After you have gone through all the values in the loop, calculate the average value and print.


def freq_table(dataset, index):
    table = {}
    total = 0
    
    for row in dataset:
        total += 1
        value = row[index]
        if value in table:
            table[value] += 1
        else:
            table[value] = 1
    
    table_percentages = {}
    for key in table:
        percentage = (table[key] / total) * 100
        table_percentages[key] = percentage 
    
    return table_percentages


genres_ios = freq_table(ios_final, -5)

for genre in genres_ios:
    total = 0
    len_genre = 0
    for app in ios_final:
        genre_app = app[-5]
        if genre_app == genre:            
            n_ratings = float(app[5])
            total += n_ratings
            len_genre += 1
    avg_n_ratings = total / len_genre
    print(genre, ':', avg_n_ratings)
1 Like

Thank you @monorienaghogho!! I feel like I understand 80% of this. So for xxx in the dictionary means that the computer only takes the key out from the dictionary, but if for xxx in the list means that the computer takes the whole line/row from the list. did I get it correctly?

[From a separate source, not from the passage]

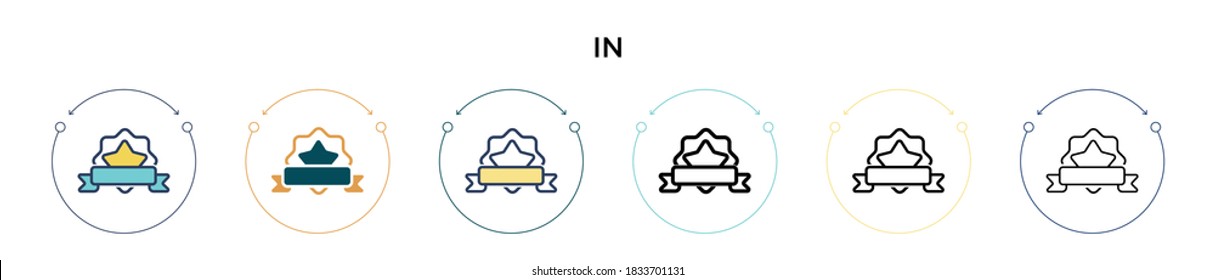 Icono de insignia y cinta en estilo relleno, delgado, contorno y trazo. Ilustración vectorial de dos insignias coloreadas y negras e iconos vectoriales de cinta pueden utilizarse para móviles, ui, web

I still don’t really understand genres_ios = freq_table(ios_final, -5). so the reason we do this is becasue we only need to take the unique genre fro the frequency table, we don’t really need the percentage number here. Did I get it right?

So **for xxx in the dictionary** means that the computer only takes the key out from the dictionary, but if **for xxx in the list** means that the computer takes the whole line/row from the list You understood this correctly.

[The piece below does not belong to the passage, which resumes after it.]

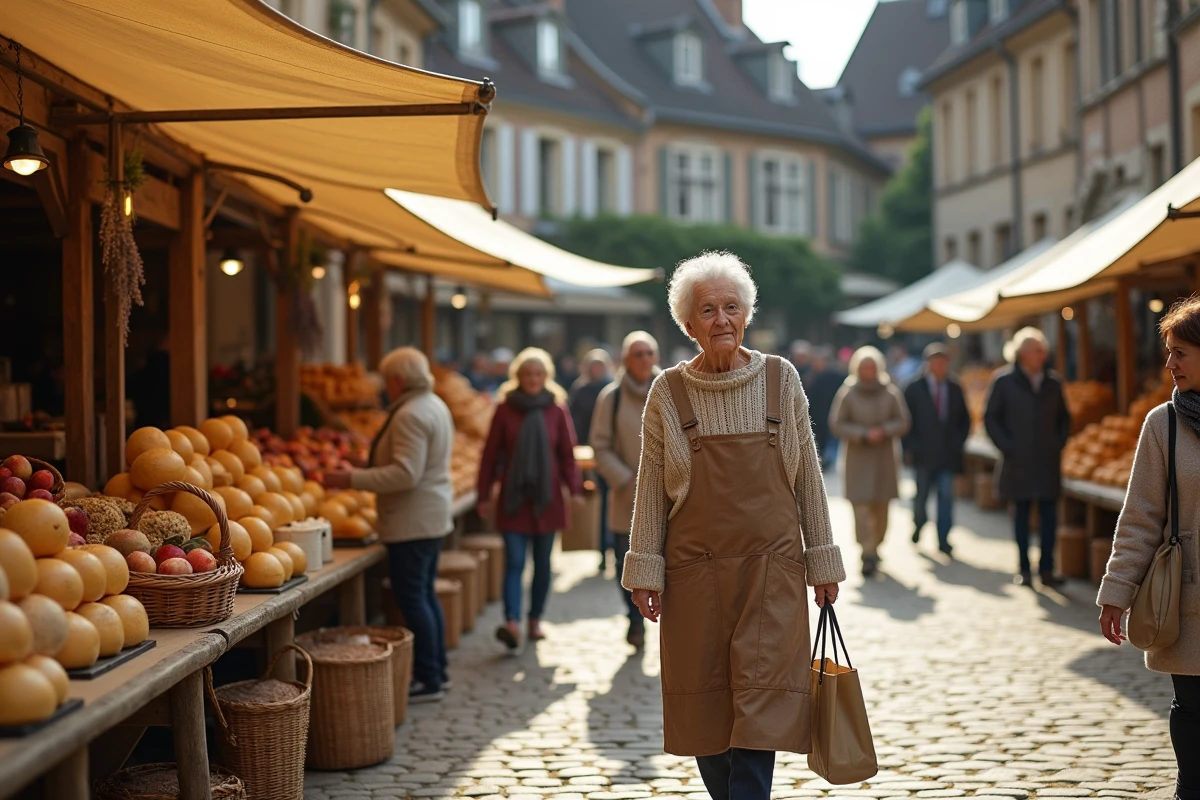 Marché traditionnel normand sur une place de village avec étals de fromages et producteurs locaux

genres_ios = freq_table(ios_final, -5) Here you are calculating the frequency (in percentage) of several genres in ios_table. It is the freq_table that does the work. It estimates in percentage how different genres occur in ios_table and it returns a dictionary with keys/genres and percentages

Thank again!!@monorienaghogho

Now I am trying to understand the sum up part.
if genre_app==genre:
** rating_value=float(row[5])**
** total +=rating_value**
** len_genre +=1**
i sum up all the rating_value that i took from ios_final dataset, and add all them up and put into the total{} that i created. did i get it correctly?

if genre_app == genre. Take the value from the rating which is indexed as 5 on the row. Convert to float. Update the total adding rating value (total +=rating_value), then increase the len_genre by 1. All these updates only take place if genre_app == genre.